Directions:
Using the entries below, copy exactly each line from the line with "Cocktail dress" up to and including the line with "Centrum 2 pokoje", with every picture left out.
BEGIN Excerpted data
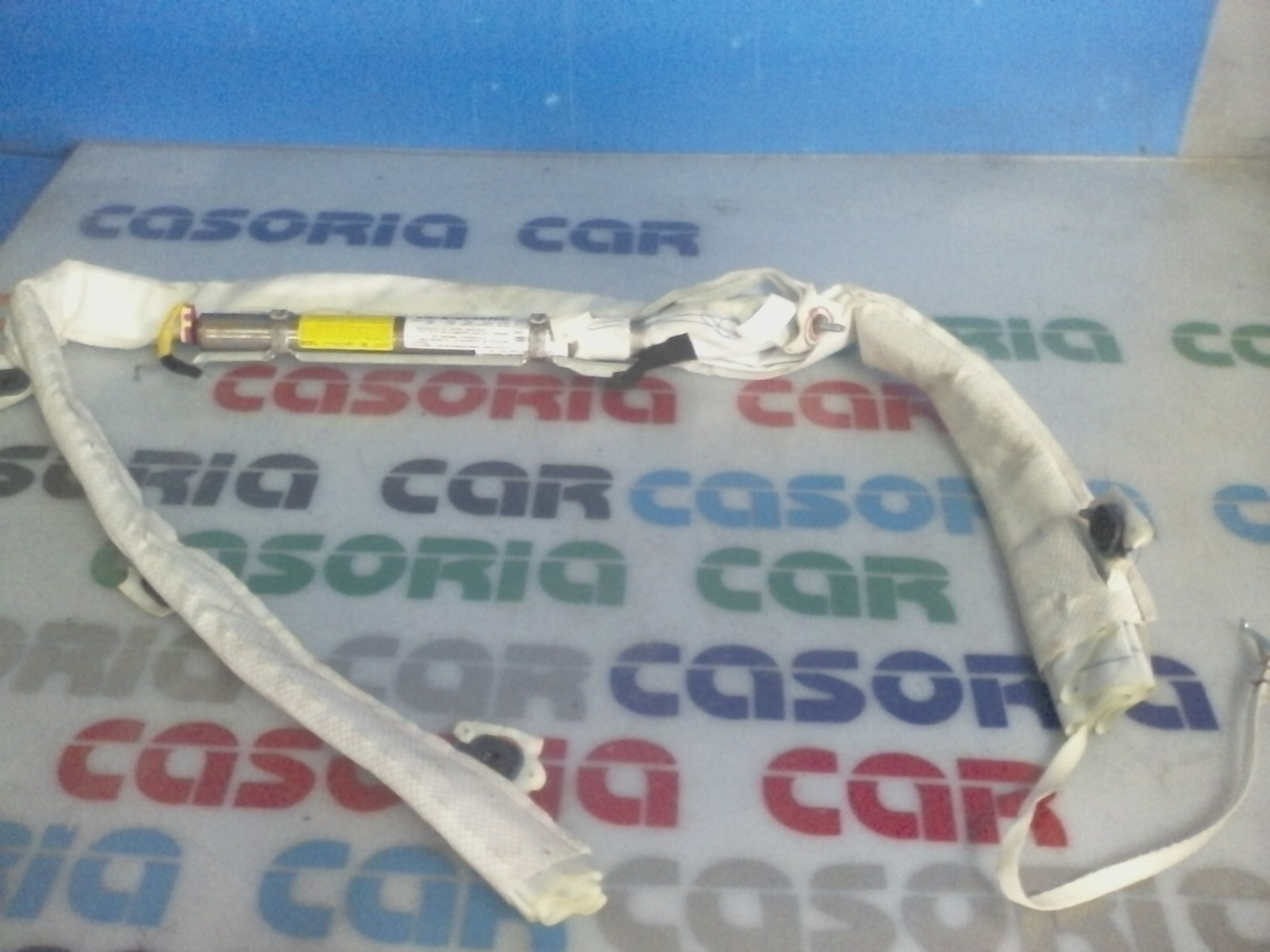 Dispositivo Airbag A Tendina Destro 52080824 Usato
END Excerpted data
BEGIN Excerpted data
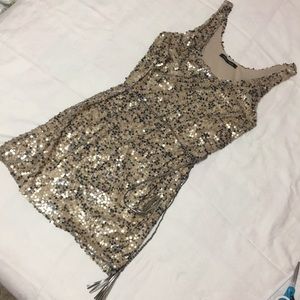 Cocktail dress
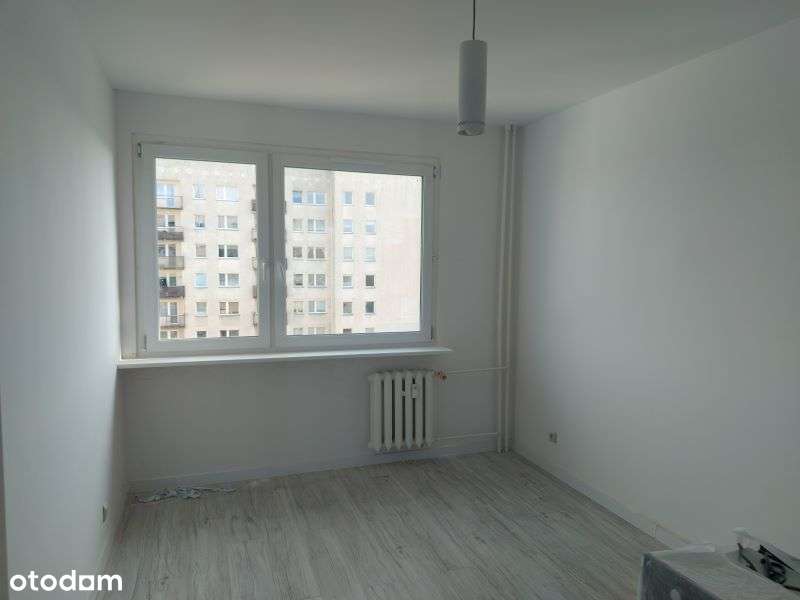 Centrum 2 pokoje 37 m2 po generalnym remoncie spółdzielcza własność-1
END Excerpted data
Exercise response:
 Cocktail dress
 Centrum 2 pokoje 37 m2 po generalnym remoncie spółdzielcza własność-1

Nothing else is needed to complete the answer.